Report 4 Downloads 85 Views
ROBUST THRESHOLDING BASED ON WAVELETS AND THINNING ALGORITHMS FOR DEGRADED CAMERA IMAGES C´eline Thillou and Bernard Gosselin [email protected] Facult´e Polytechnique de Mons, Avenue Copernic, 7000 Mons, Belgium ABSTRACT This paper describes a thresholding method for degraded documents acquired from a low-resolution camera. This technique is based on wavelet denoising and global thresholding for nonuniform illumination. The accent is put on stroke analysis to keep useful information more accurately without breaking characters and by reducing the number of overconnected ones. An improvement of the technique, which uses the thinning algorithm, is thus detailed and a particular attention is given to use this optimization in the convenient images only. Moreover, thanks to the wavelet decomposition, complex backgrounds as well as high frequency noise can be considered. This method can handle various corpus of images without need of any prior knowledge of the document image and fine-tuning of parameters. Keywords : Wavelet, thresholding, denoising, degraded documents

1. INTRODUCTION 1.1. Context of Images As the first step of an entire system for optical character recognition, thresholding is crucial and its success is preponderant for all other processings. Errors at this point are propagated all along the recognition system. The challenge to obtain a very robust thresholding method is major. Actually, after thresholding, several steps are needed such as skew correction, line and word segmentation, character segmentation and finally character recognition. If noise is very present, line or word segmentation could be degraded. In a more intensive way, for character segmentation, letters can be broken or they can touch because of a bad thresholding of the document. In our context, documents are acquired by a digital camera (1280*1000 pixels) and taken by blind or visually impaired people [5]. All these constraints lead to several kinds of degradations and especially several irregular or non uniform degradations, which could not be forecast. We have no a priori information on pictures and no validation from the user. Therefore, this context presents a bunch of degradations, missing in classical scanner-based pictures, such as blur, perspective distortion, complex layout, interaction of the

content and background, uneven lighting, wide-angle lens distortion, focusing, moving targets, sensor noise, intensity and color quantization. Some of these degradations could be corrected thanks to a robust thresholding which improves the character recognition.
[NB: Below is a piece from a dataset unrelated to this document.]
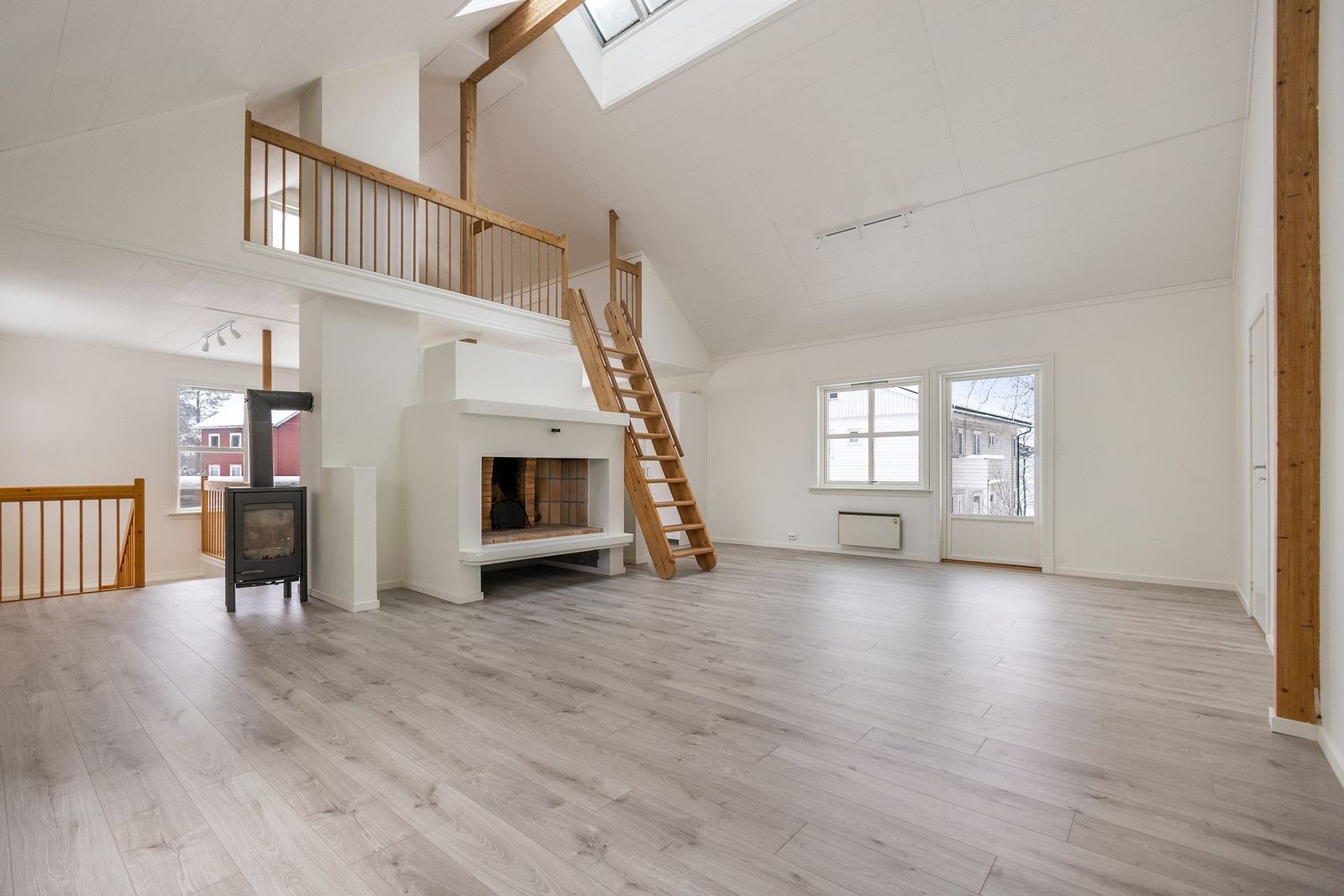 Stue med trapp opp til hems Galleribilde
Moreover it minimizes the other degradations which become useless to solve. Therefore, our main objective is to provide an automatic thresholding method which improves drastically character recognition and which is as general as possible to handle a large and various corpus of images, as those which could be taken by a blind user. 1.2. A Brief State of the Art Two modes are usually used for thresholding. The first one, global thresholding, finds a single threshold for all image pixels. These methods are mainly general but not robust. Actually, it is very fast and efficient when the pixel values of the components and those of the background are fairly consistent. The other one, local thresholding, uses different threshold values which are required for different local areas. These methods are more robust but not as general because of many parameters to tune. Although many thresholding techniques [15], [7], such as global [11] and local [8] ones, have been developed in the past, it is still difficult to deal with images with very low quality. Meanwhile, in our context, or in general, documents processing systems need to process a large number of documents with different styles, thus, they require that whole processing procedure is achieved automatically and without prior knowledge and pre-specified parameters. With similar approaches as ours, Sauvola [12] and Chan [2] processed only uneven lighting in time-domain. Yang [16] developed a thresholding method based on gradient with edge preservation on poor quality documents without complex backgrounds. Seeger [13] created a new thresholding technique for camera images, like in our context, by computing a surface of background intensities and by performing adaptive thresholding for simple backgrounds. In wavelet or frequency domains, Zhang [17] and Liu [9] considered bright objects but not characters, therefore wi-

F IG . 1 – From top to bottom : the original image, the wavelet decomposition with multiple subimages, the thresholding on the initial image and the thresholding on the reconstructed image thout stroke analysis. Dawoud [4] used wavelet reconstruction based on an image dependant model for cheques. Berkner [1] had a technique on wavelet-based denoising, sharpening, and smoothing in Besov spaces but no compromise is done on stroke analysis. In this paper, we will present our technique based on wavelet denoising and Otsu [10] thresholding for nonuniform illumination. A particular interest is given on stroke analysis to reduce the number of touching characters and to prevent broken ones. Moreover complex backgrounds as well as salt and pepper noise are also considered thanks to the wavelet decomposition.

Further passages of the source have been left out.